Notre mission est d’accompagner des joueurs à devenir de grands hommes. Ce qu’ils ont fait ce week-end lors du Final four, au-delà du résultat, dans l’état d’esprit, l’attitude, dans la posture, le respect vis-à-vis des personnes qui ont organisé le Final Four, je leur ai rien demandé. Ils ont tout géré tout seul. Que ce soit ramasser les bouteilles, nettoyer derrière eux, dire merci, dire bonjour, sourire, respecter l’adversaire, tout cela est très important, et vaut plus que de gagner un titre.
Le Trophée du Futur, c’est le Graal. On a vraiment envie d’aller chercher Roanne pour plusieurs raisons. Déjà pour le club, ils y étaient la saison dernière mais n’ont pas passé le premier tour. On aimerait le faire pour cette année. Les gars eux même dans le vestiaire me l’ont dit « écoutes Momo, on veut montrer que les Espoirs Pro B ce n’est pas nul. »
Ils se sont donné une mission, donc on y va pas en touriste. L’objectif qu’ils se sont fixés au mois d’août dans les vestiaires, c’était d’être champions de France. Aujourd’hui, il suffit que de mettre les moyens pour y arriver, et c’est grandiose.
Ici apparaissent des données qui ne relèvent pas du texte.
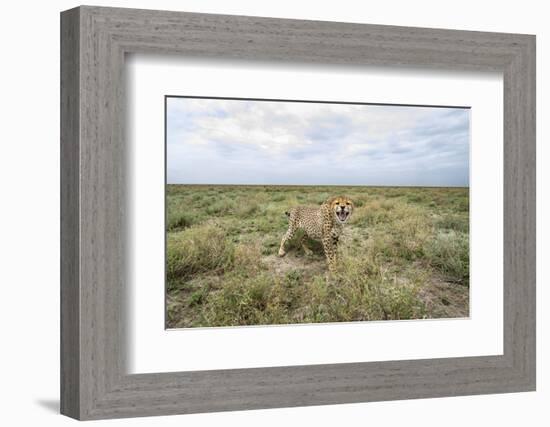 Snarling Cheetah-Paul Souders-Framed Photographic Print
Notre phrase avec les grands hommes et les grands joueurs, c’est bien beau, mais ce qui compte c’est aussi ce qu’on fait toute l’année. Ce sont eux qui nettoient leur vestiaire, ils débarrassent, ils prennent leur vie en main et ne sont pas assistés.
Quand tu fais les choses, cela prend une autre valeur. Ce qui nous permet aussi d’apprendre certaines choses sur le terrain. Tout n’est pas toujours tout rose, parfois il y a des moments forts et des faibles, il faut l’accepter. Il faut rester ensemble pour que les coups de moins bien durent le moins longtemps possible. C’est tout un processus qui dure le long de la saison.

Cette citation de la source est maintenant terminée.